Organisé à mi-mandat présidentiel, le scrutin visait à élire pour quatre ans les maires et conseillers des municipalités, des districts, des communautés de communes, les administrateurs des districts indigènes et les chefs de villages.
L’exécutif y avait ajouté un référendum constitutionnel qui fait polémique [1] pour abaisser l’âge électoral de 20 à 18 ans et celui des candidats de 23 à 18 ans.
La défaite - la plus sévère de l’histoire du DPP -, a entraîné la démission de Tsai Ing-wen de la tête du Parti. Avec seulement 41,62% des suffrages exprimés, ce dernier a perdu la moitié de ses conquêtes territoriales de 2018 et n’a plus la majorité que dans 5 mairies. Le revers politique est particulièrement visible au nord de l’Île où tous ses candidats ont été battus.
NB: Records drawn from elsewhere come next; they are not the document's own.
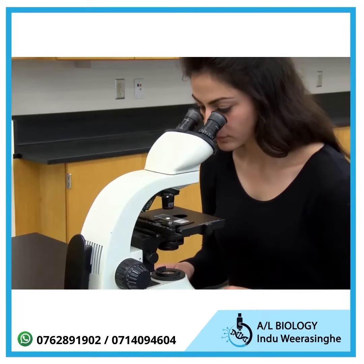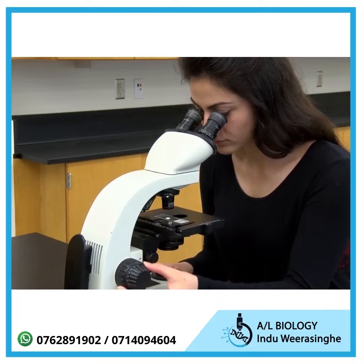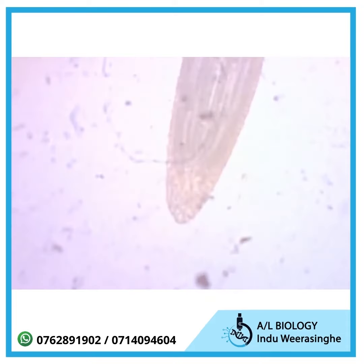Start with the low power objective lens, 4X, and the stage in its highest position. Then look through the ocular lens and focus on the specimen, which should already be nearly in focus.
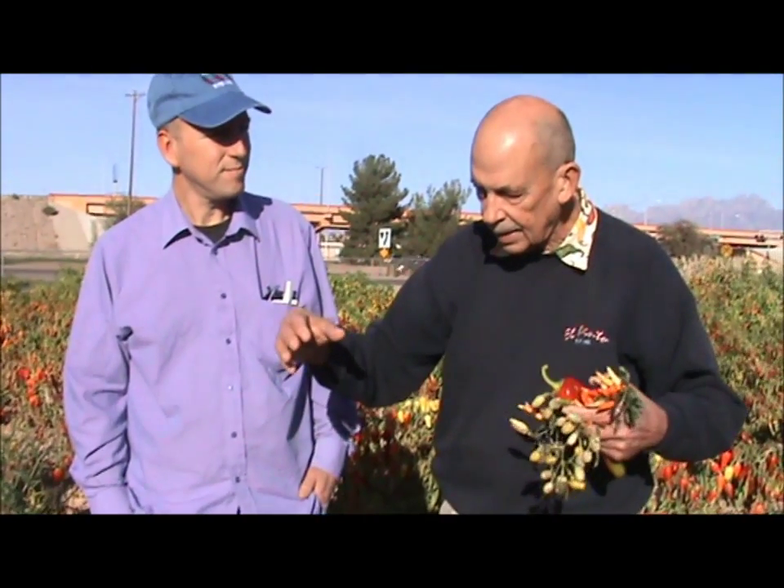He invented the Scoville organoleptic test, which for 1912 was about as scientific as it got. That was a panel of tasters. He'd keep diluting a mixture of chili peppers, water, and a little bit of sugar that people were tasting. He kept diluting it with water and measuring until they could no longer taste the heat. The dilution factor became the Scoville heat unit — if they had to dilute it 500 times, then 500 was the Scoville heat level of that particular chili. You can imagine the agony that some of these people went through, especially with the hotter ones — they had to keep tasting it until they couldn't taste it anymore.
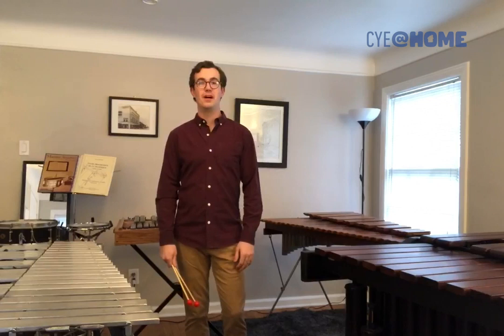Oh, hi! I didn't see you there. Welcome to my practice room. I'm Jay Ritchie, and I play percussion and timpani with the Detroit Symphony Orchestra. Since you're here, I guess I can tell you about some of my instruments.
Le KMT qui a recueilli 50,03% des suffrages contrôle désormais 13 sièges de maires de municipalités et de districts sur 21, y compris les très symbolique mairies de Taipei, Taichung, Taoyuan, Keelung, Hsinchu et Taipei City. Au total, le KMT est la force dominante dans six des plus grandes municipalités de l’Île concentrant 70% de la population.
Résurgence du clan Chiang - 蔣 -

Depuis le 26 novembre, 蔣萬安 Jiang - Wan An (Wayne Chiang) 43 ans, arrière-petit-fils de Chiang Kaï-shek, par son grand-père Chiang Jingguo, qui succéda à son père le Maréchal Chiang, est le nouveau maire de Taipei. Fort de deux mandats de députés, il a triomphé avec 43,2% ces suffrages de Chen Shih-chung, ancien ministre de la santé de Tsai et de Madame Huang Shan-shan, vice maire aux côtés de Ko Wen-je, président du Parti Populaire et maire démissionnaire.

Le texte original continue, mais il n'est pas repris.